Better pandas integration #5189

irgolic · 2021-01-17T15:17:16Z

Bases off #5190.

Issue

At the moment, our pandas solution copies the X, Y and meta numpy arrays into one contiguous array. It also sets its column dtypes. This is inefficient, and loses information like global row IDs, roles, variable info.

The proposed solution is not an attempt at migration, but rather a seamless integration (both Orange and pandas operate on numpy arrays). This will be used in Python Script, but could also be leveraged by widget code.

Description of changes

Added a new table_to_frames method, which wraps the three existing numpy arrays into three DataFrames. This is near-instantaneous, as no copying occurs, it simply wraps the preexisting data structures. Also:

it keeps global row index information by setting pandas indices in _o1, _o2, _o3 format
upon conversion back to table, it copies the columns' original variables (setting compute_value to None)
it remembers what role the converted table represented (feature/target/meta), and applies the role to all its columns upon conversion back to table

An edge case: how do you handle concatenate when one of the frames has weights and the other doesn't?

Includes

Code changes
Tests
Documentation

irgolic · 2021-01-17T20:12:49Z

Table stores X, Y, and metas in three separate numpy arrays. DataFrame depends on numpy, just like us. So it's possible to simply wrap each of the tables into a DataFrame.

Orange provides table_from_frame and table_to_frame functions. When generating a DataFrame from a Table, all three numpy arrays (X, Y, metas) are copied to a contiguous location, and the DataFrame's dtypes are set. When converting back, variables types are inferred. The global row index is lost. This creates a fully-fledged standalone DataFrame, with no Orange footprint.

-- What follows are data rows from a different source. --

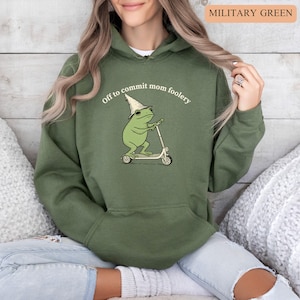 May include: Military green hoodie with a frog graphic riding a scooter and wearing a wizard hat and sunglasses. The text "Off to commit mom foolery" is printed above the frog. The hoodie has a drawstring hood and a front pocket.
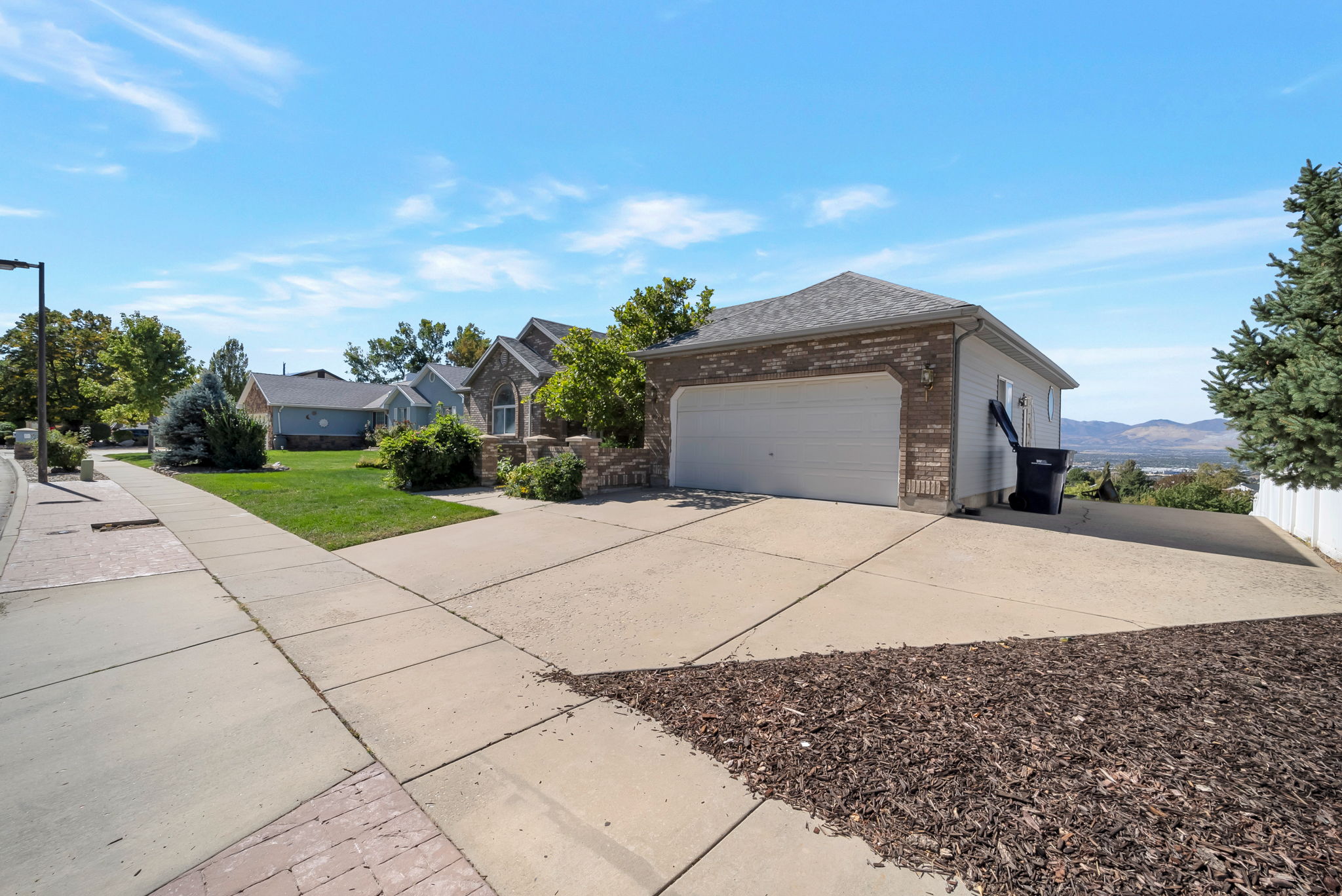 View of side of property featuring brick siding, concrete driveway, a lawn, and a garage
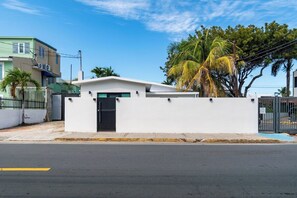 A residential building with a white exterior, a black door, and a gated entrance. - Villa Bali: Private Pool | 2 Min Walk to Beach (San Juan)
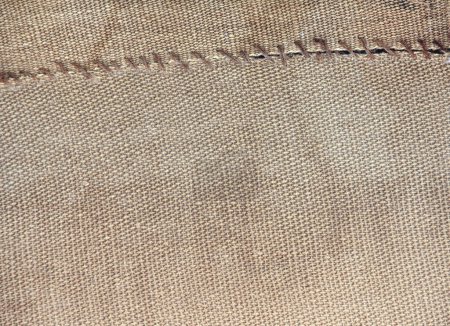 Two pieces of old burlap sewn together with thread. Horizontal background with rustic bag texture
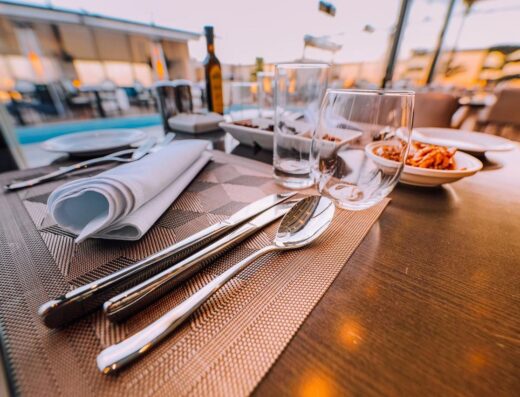 Primer plano de una elegante mesa puesta en un elegante restaurante al aire libre con iluminación ambiental.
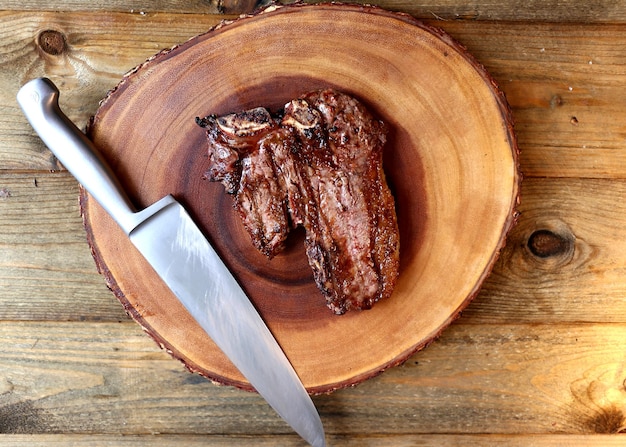 Bistecca alla griglia alla griglia con osso e due tipi di carne su fondo in legno
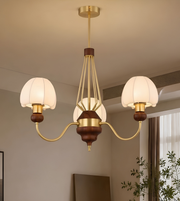 A three-light chandelier with warm brass-finished metal arms, dark brown wooden accents, and white drum-shaped glass shades, shown hanging in a modern interior room.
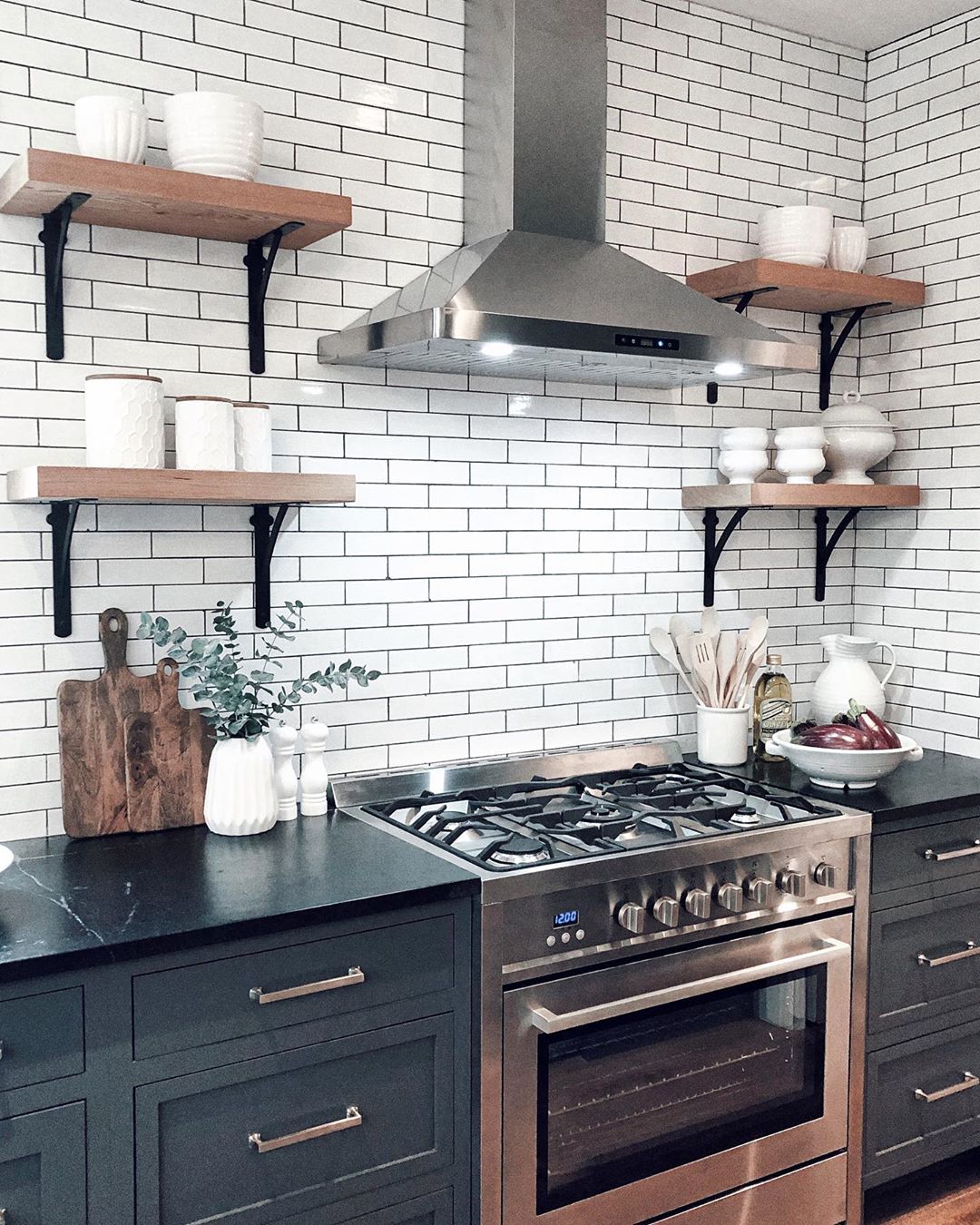 kitchen with subway tile backsplash with open shelving photo by Instagram user @henhurst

At some point, we contemplated taking Table and stuffing it into the DataFrame interface. This would be nice, but a rewrite would be better probably. Maybe in Orange4, when we separate server and client.

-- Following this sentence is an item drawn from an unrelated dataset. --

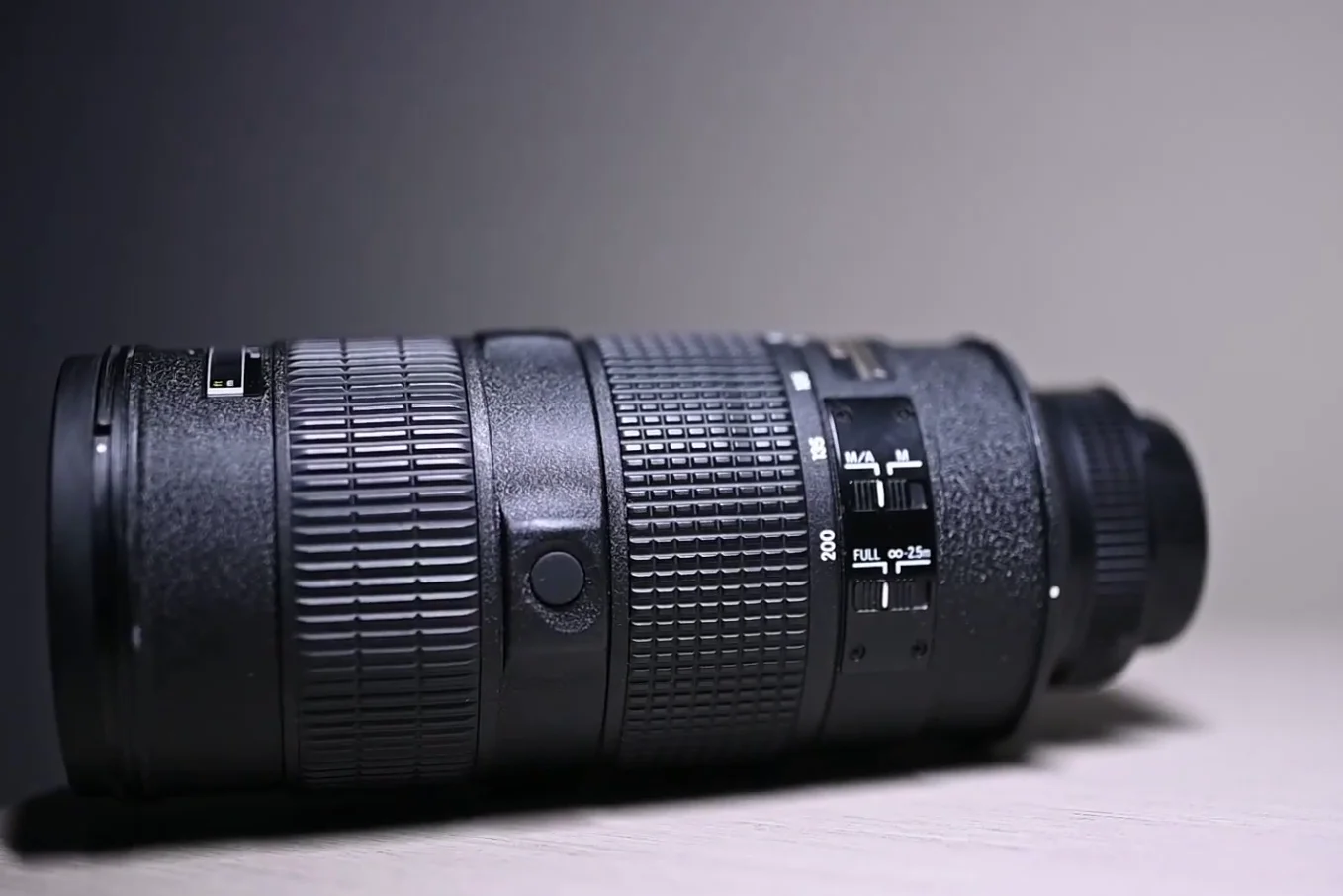 Side view of the lens barrel showing the focus limit switch and M/A switch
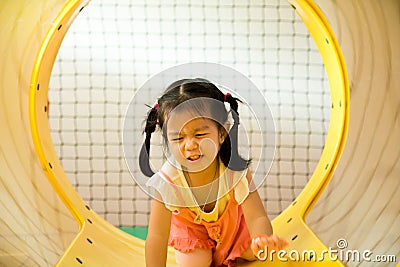 A little smile girl is crawling out of yellow tunnel at playground Stock Photo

This PR adds a table_to_frames function, which returns three DataFrames: X, Y, and metas. The DataFrame's index is set to _o1, _o2, _o3 format. In its metadata, it keeps the original orange variables (associated by column name), and the frame's role (attribute/target/meta). When converting back to an Orange table, global row indices are kept. The domain is constructed by copying the original column and setting compute_value=None (or guess new columns).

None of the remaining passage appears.